◆ **Task to carry out**: The answer is the data repeated in full, with no pictures included.

◆ **The data**:
+++++
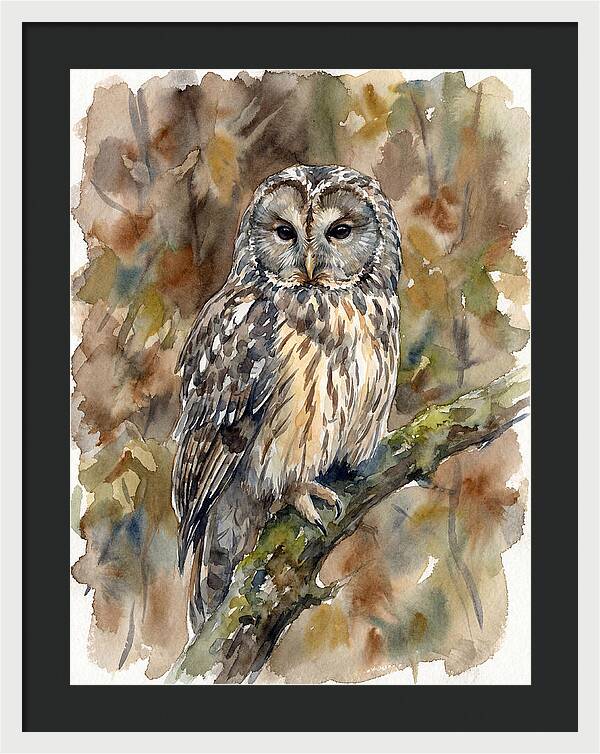 Ural Owl Perched Gracefully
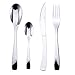 Renberg Set de 24 Piezas de cubertería en Acero Inoxidable, Centimeters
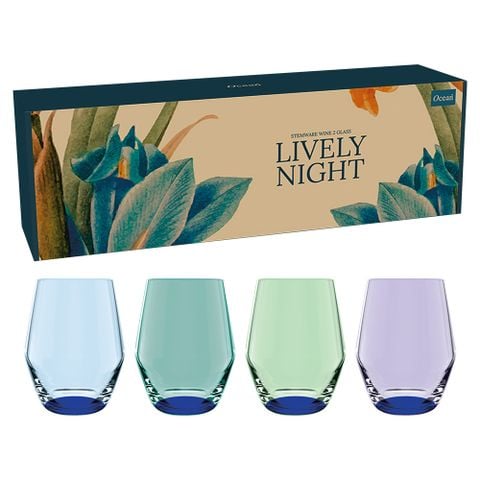 Bộ 4 ly thủy tinh Lively Night - 3C2421604G0002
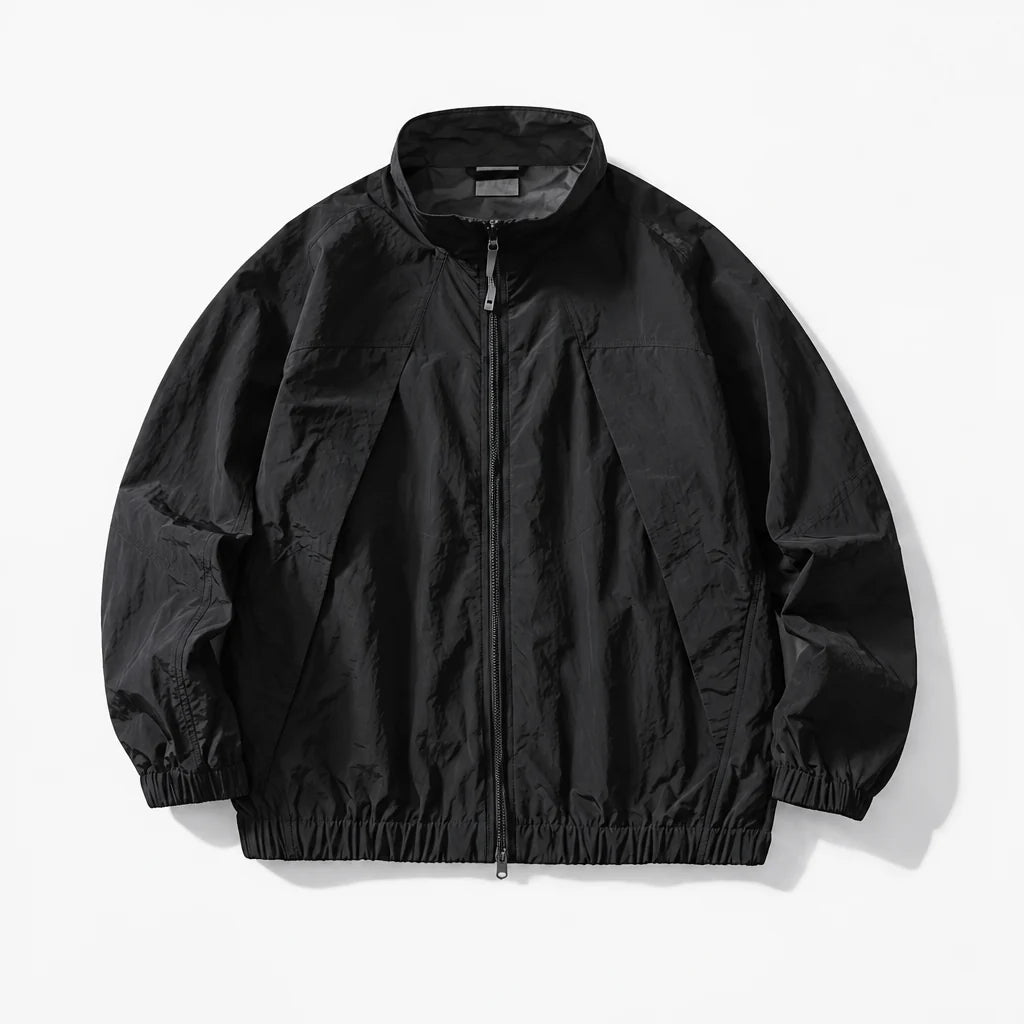 Spume - Unisex Water-Repellent & Windproof Stand-Collar Lightweight Jacket - Black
+++++
◆ **Answer to this exercise**:
 Ural Owl Perched Gracefully
 Renberg Set de 24 Piezas de cubertería en Acero Inoxidable, Centimeters
 Bộ 4 ly thủy tinh Lively Night - 3C2421604G0002
 Spume - Unisex Water-Repellent & Windproof Stand-Collar Lightweight Jacket - Black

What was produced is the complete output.